Xreal's Project Aura Will Support Google's Android XR Via Tethered Puck
Xreal's Project Aura will support Google's Android XR via a tethered compute puck with a Qualcomm Snapdragon chip.


Xreal just announced Project Aura, new glasses that will support Android XR via a tethered compute puck.
Android XR is Google's new operating system designed to both compete with Meta's Horizon OS and power smart glasses. Announced during Google I/O just now, Project Aura is the second revealed Android XR device, after Samsung's headset, and the first to use a transparent display system, known as optical see-through AR.
Xreal is staying tight-lipped on specific details of Project Aura, sharing only the above image of the design while confirming that it will support Android XR via a tethered compute puck with a Qualcomm Snapdragon chip.
The design shown for Project Aura resembles the existing 3DoF Xreal One display glasses but with a camera on each temple, pointed slightly downwards, and another camera in the center of the lenses facing forwards. Those side cameras are likely for 6DoF positional tracking and hand tracking, while the central camera is likely for taking photos and videos, as well as for multimodal with Google's Gemini AI.

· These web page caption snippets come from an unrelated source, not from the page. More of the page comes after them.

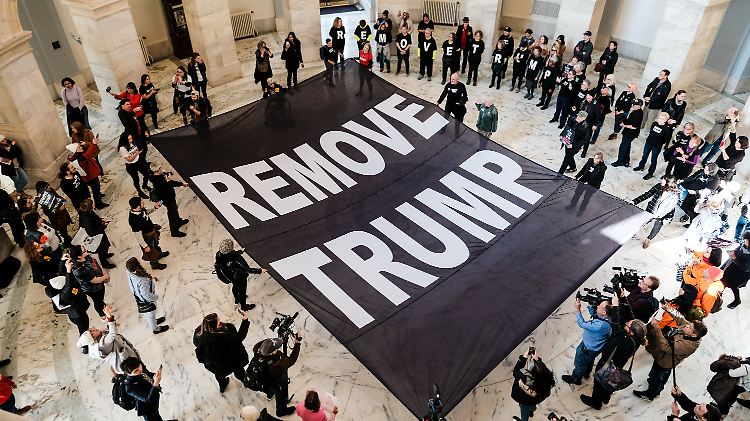 "Entfernt Trump" - diese Aufforderung von Demonstranten, geäußert vor einigen Tagen in einem Verwaltungsgebäude des US-Senats, werden die Politiker wohl nicht nachkommen.
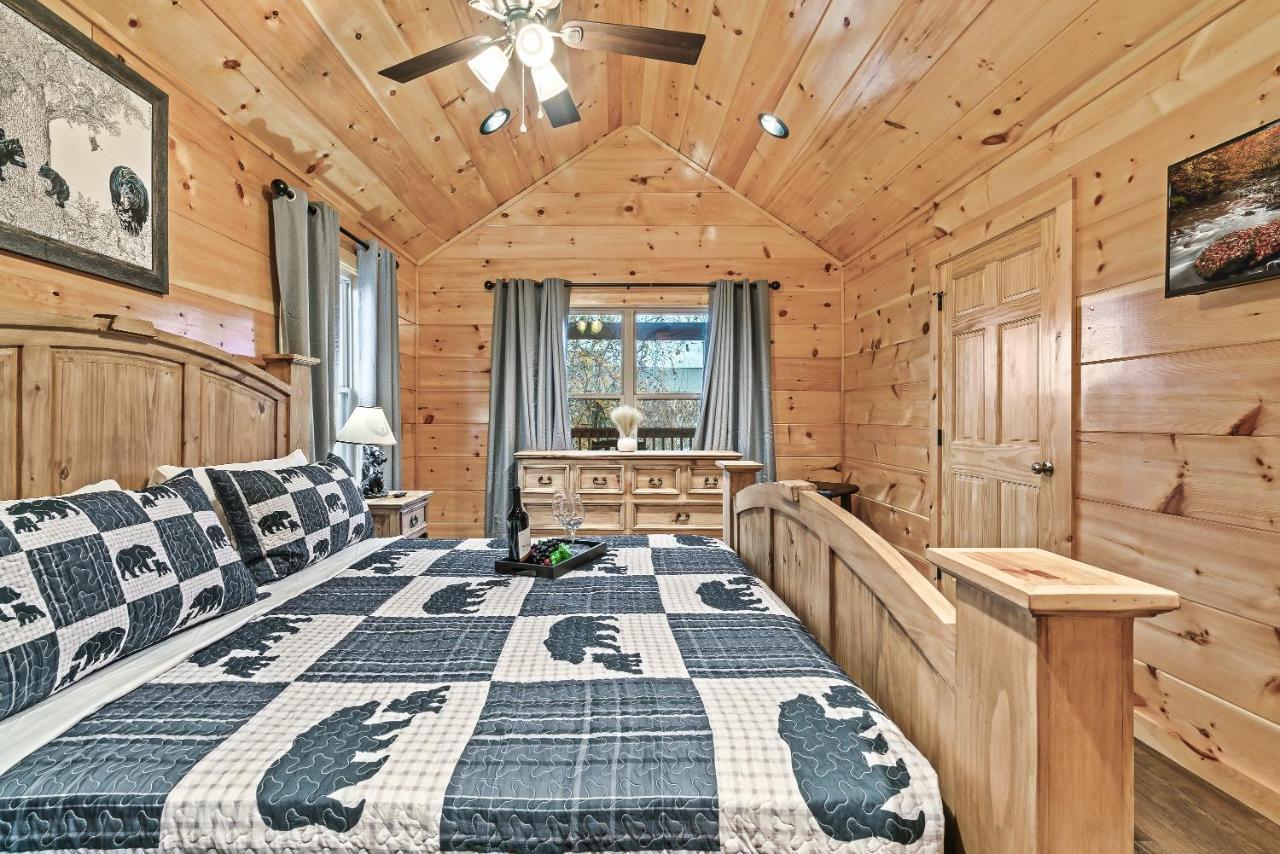 Mountains R Calling, Cozy Hideaway, King Beds, Hot-Tub, Arcade, Ev Ready Pigeon Forge Zewnętrze zdjęcie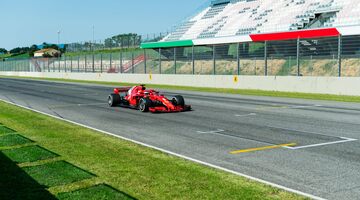 Фото и видео: Ferrari проводит тесты в Муджелло
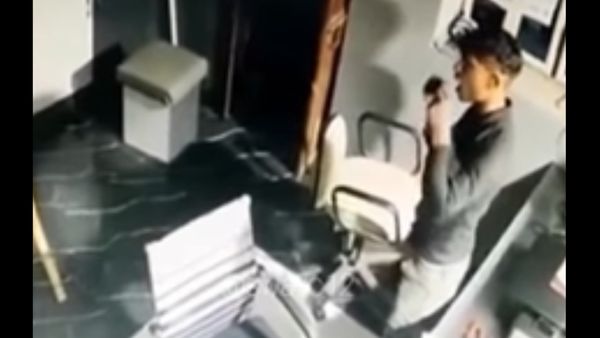 सीसीटीवी देखकर बदल गए हाव भाव
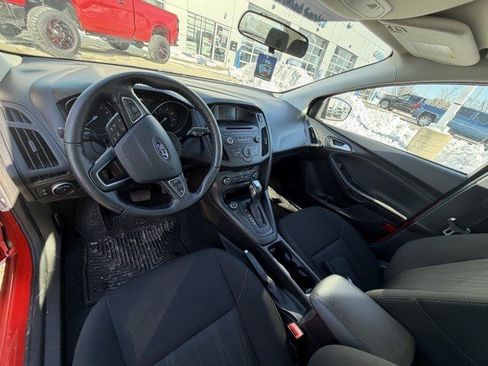 Used 2016 Ford Focus SE w/ SE Sport Package image 20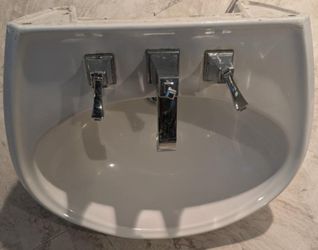 Sink With Faucet And Hoses
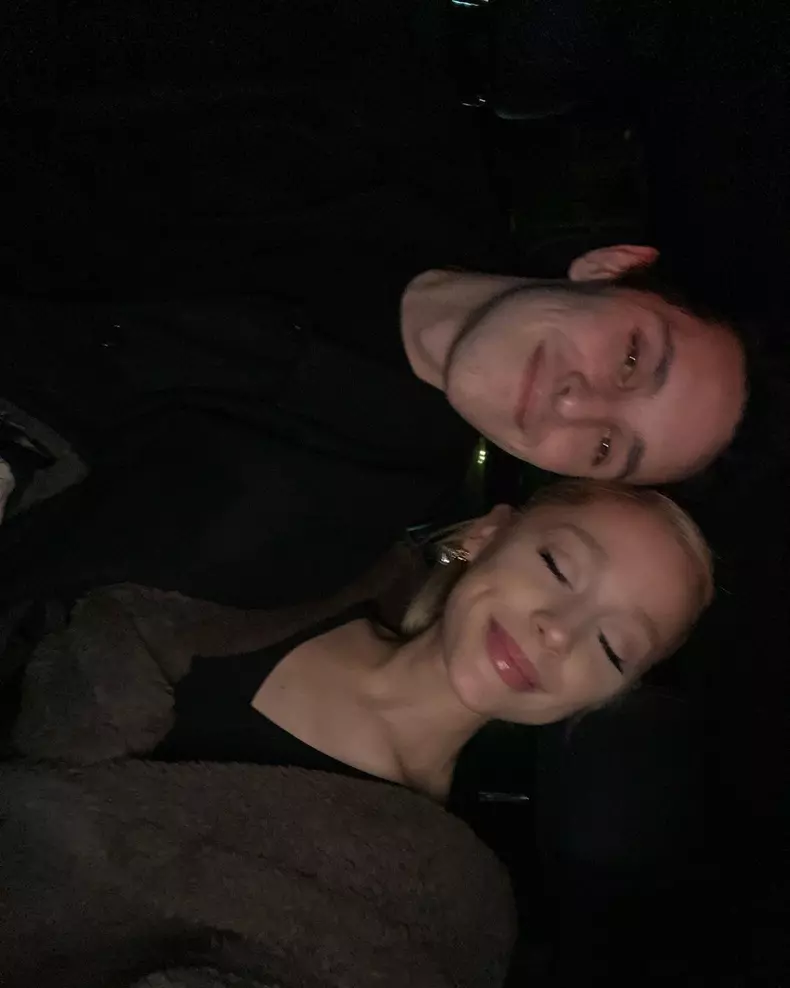 Ariana Grande sot Dalton Gomez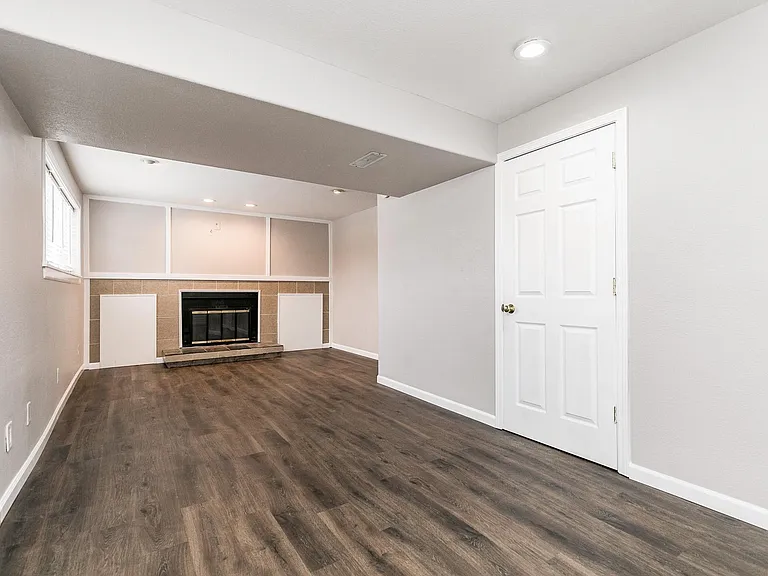 130 Harbet Ave NW — Photo 22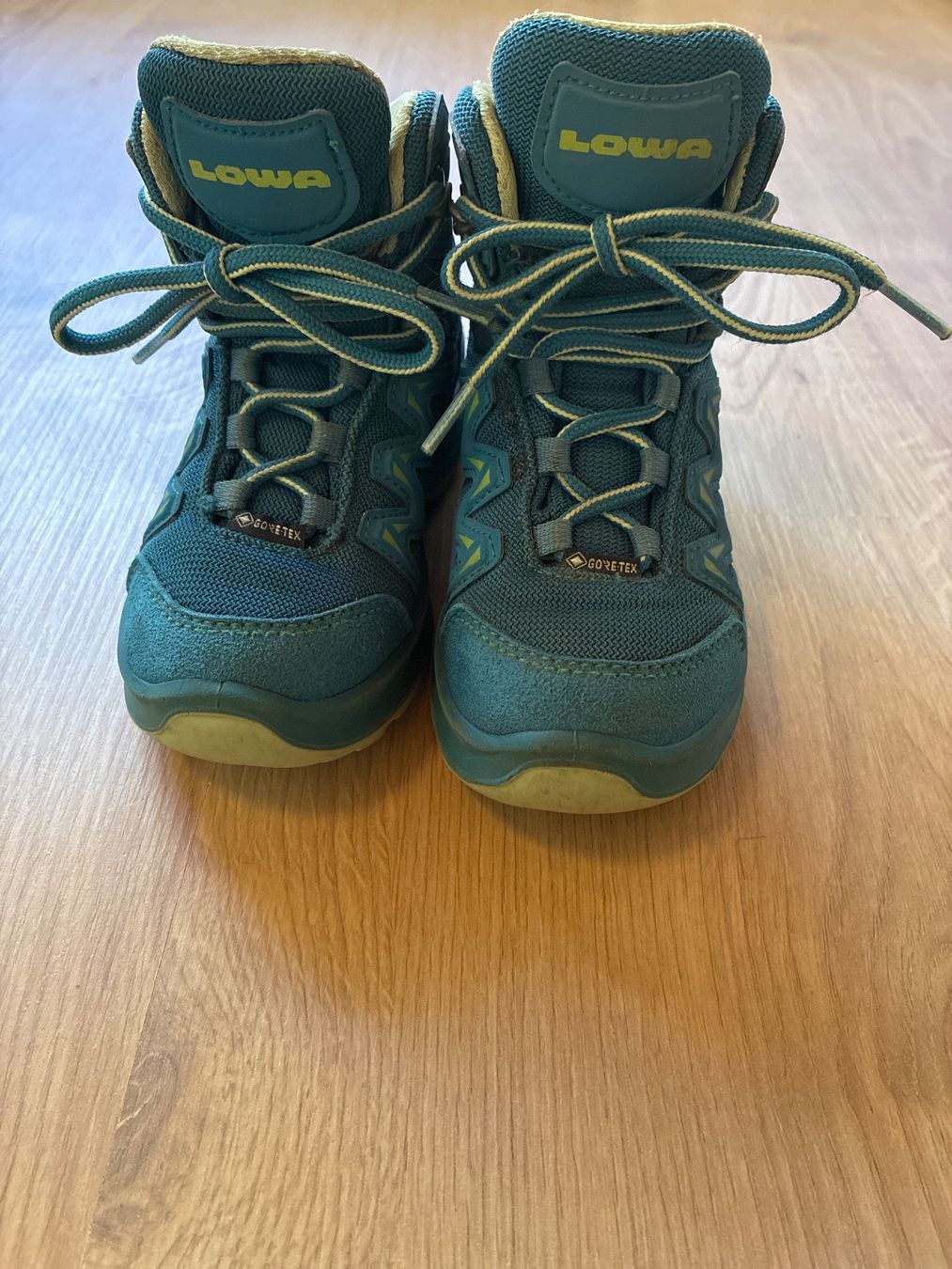 Lowa Scarpe per ragazzi: Lowa Wanderschuhe türkis Grösse 26 – Usato da Eggenwil venduto da mic_b5l2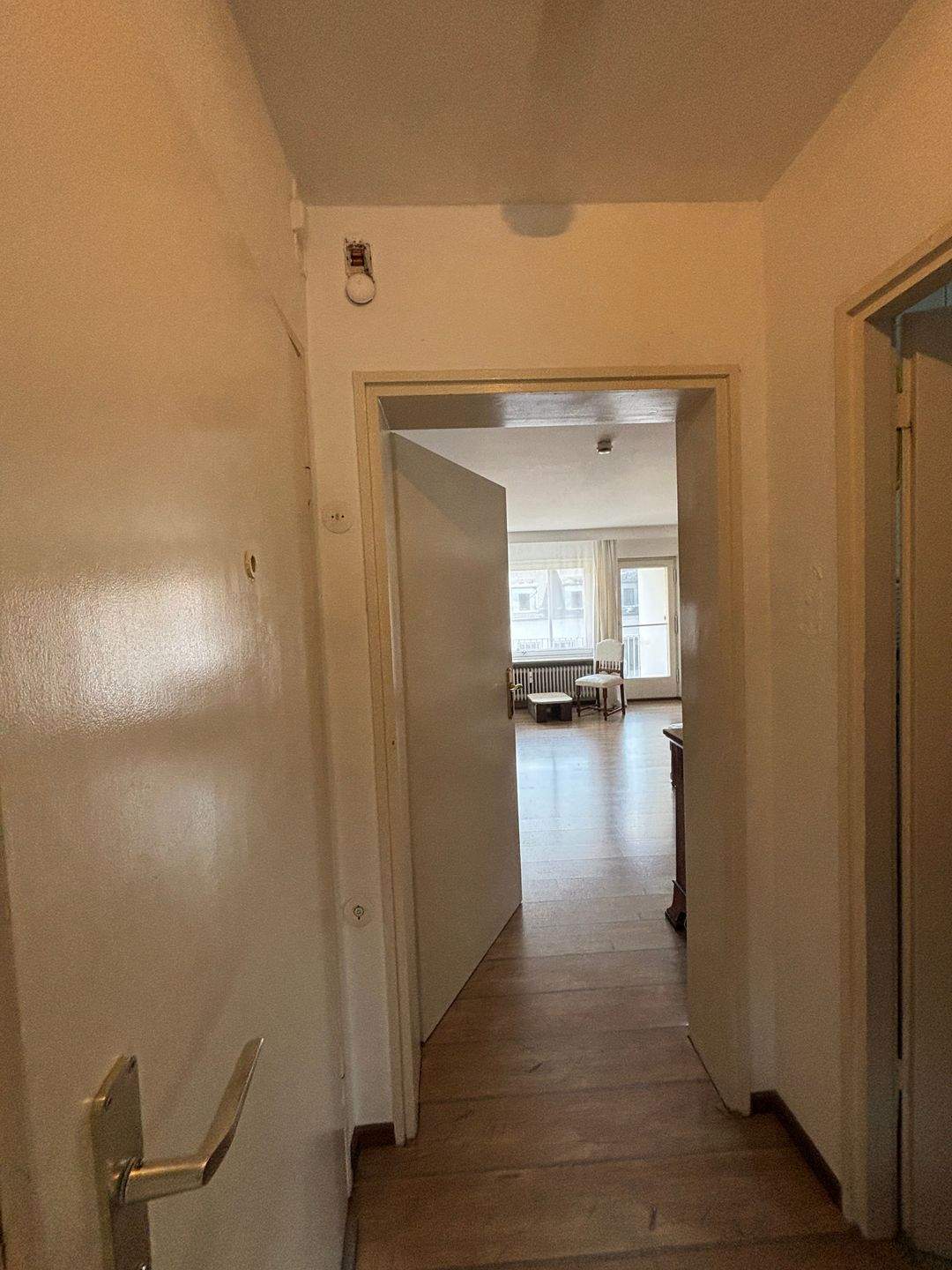 Zwei Wohnungen mit Einzelgarage in Top-Wohnlage – Nürnberg – Vorschaubild 3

Note that while Xreal devices are designed to look like sunglasses, they sit much further out from your eyes than real glasses, and thus are a markedly different device category than the AR glasses in development at Meta and Apple. Those future AR glasses use a display technology called waveguides to sit as close to your eyes as regular glasses, while Xreal uses a far cheaper but also far bulkier approach called birdbath optics. They also block out most light, so can't be used as regular indoor glasses at all.
Xreal says it will reveal more details about Project Aura at Augmented World Expo (AWE) in June, and UploadVR's Don Hopper will be there to try it out.
UPDATE: Xreal confirmed to CNET that the mystery tethered device would be a new compute puck, and this article has been updated to reflect that.